Search code examples
pythonpandasfor-looplinear-regression

Create a for Loop on a multiple regression utilizing Pandas (StatsModels)


I am performing a multiple regression for 50 states to determine the life expectancy per state based on several variables. Currently I have my dataset filtered to only Maine, and I want to know if there is a way to create a For Loop to go through the whole State Column and perform a regression for each state. This would be more efficient than creating 50 filters.
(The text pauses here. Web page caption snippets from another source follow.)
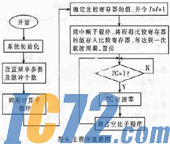 IC72新闻中心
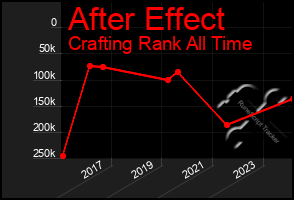 Total Graph of After Effect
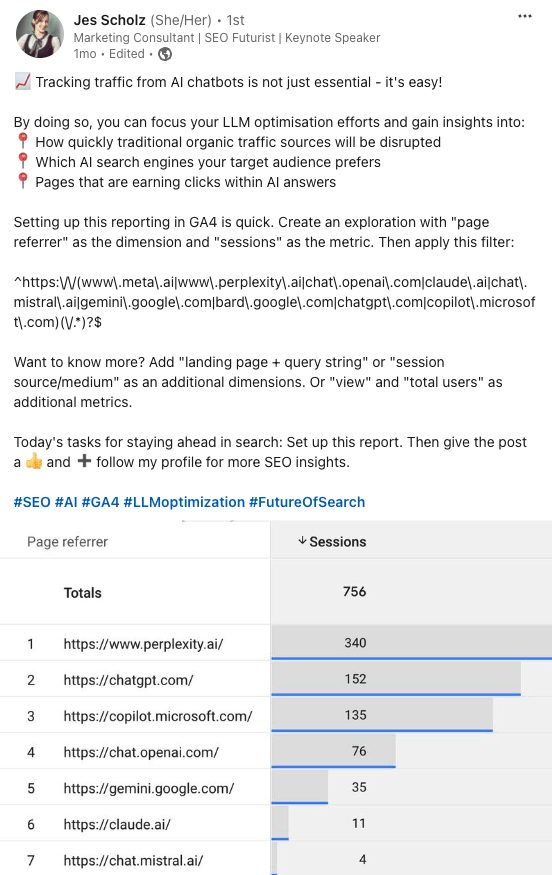 A screenshot of a LinkedIn post from Jes Scholz showing how to configure an LLM traffic referral report in GA4.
Any help would be great!

import pandas
import pandas as pd
import openpyxl
import statsmodels.formula.api as smf
import statsmodels.formula.api as ols

df = pd.read_excel(C:/Users/File1.xlsx, sheet_name = 'States')

dfME = df[(df[State] == "Maine")]

pd.set_option('display.max_columns', None)

dfME.head()

model = smf.ols(Life Expectancy ~ Race + Age + Weight + C(Pets), data = dfME) 
modelfit = model.fit()
modelfit.summary

Solution

  • ###### Assuming rest of your code is ok I am sharing a strategy for the loop and storing model outputs:
    pd.set_option('display.max_columns', None)
    state_modelfit_summary = {}
    states = df['State'].unique() # As you only need to loop once for each state
    for st in states:
        dfME = df[(df['State'] == st)]     
        model = smf.ols(Life Expectancy ~ Race + Age + Weight + C(Pets), data = dfME) 
        modelfit = model.fit()
        # Store output in a dictionary with state name as key
        state_modelfit_summary[st] = modelfit.summary